Returning to the polite eclogues, we soon find an increase in the dramatic complexity of the form. Tansillo’s Due pellegrini, which cannot be later than 1528, contains the rudiments of a plot, two lovers bent on suicide being persuaded by a miraculous voice to become reconciled with the world and life. Poetic justice befalls the two nymphs in an eclogue by Luca di Lorenzo, printed in 1530, the disdainful Diversa being condemned to love the boor Fantasia, while Euridice’s loving disposition is rewarded by the devotion of Orindio.
We now come to what may almost be regarded as the first conscious attempt to write a pastoral play—an attempt, however, which met with but partial success. This is the Amaranta, a ‘Comedia nuova pastorale’ by Giambattista Casalio of Faenza, which most probably belongs to a date somewhat before 1538. In it the mutual love of Partenio and Amaranta is thwarted by the girl’s mother Celia, who destines her for a goatherd. Partenio is led to believe that his love has played him false, while in her turn Amaranta supposes herself forsaken. The two meet, however, at the hut of a wise nymph Lucina, through whose intervention they are reconciled and their union effected.
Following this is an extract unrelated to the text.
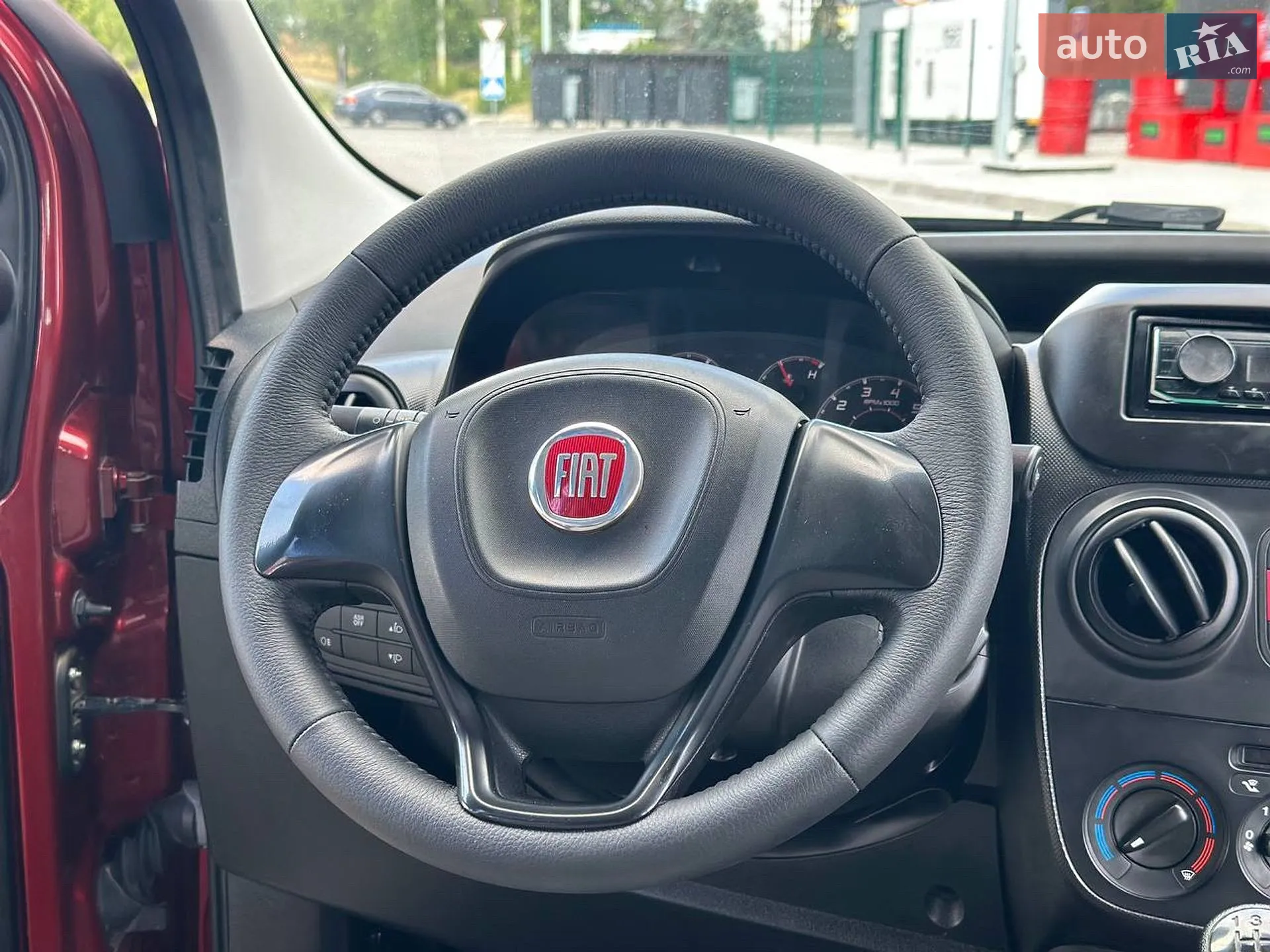 2017 Fiat Fiorino - мініатюра 32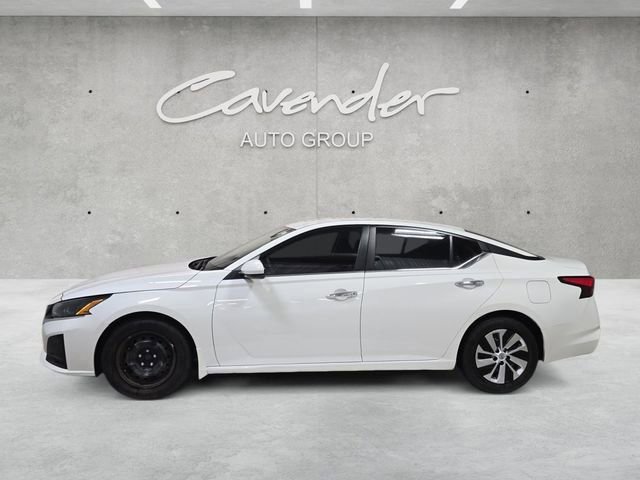 Used 2023 Nissan Altima 2.5 S FWD image 13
The piece, which attains to some proportions, is divided into five acts, and, while owing a certain debt to the Orfeo, is itself pastoral in character with occasional coarse touches borrowed from the rustic shows. It is in the Amaranta that we first meet with an attempt to introduce a real plot of some human interest into a purely pastoral composition; we are no longer dealing with a merely occasional piece written in celebration of some special person or festivity, no longer with a mythological masque or pageant, nor with an amorous allegory, but with a piece the interest of which, slight as it is, lies in the fate of the characters involved.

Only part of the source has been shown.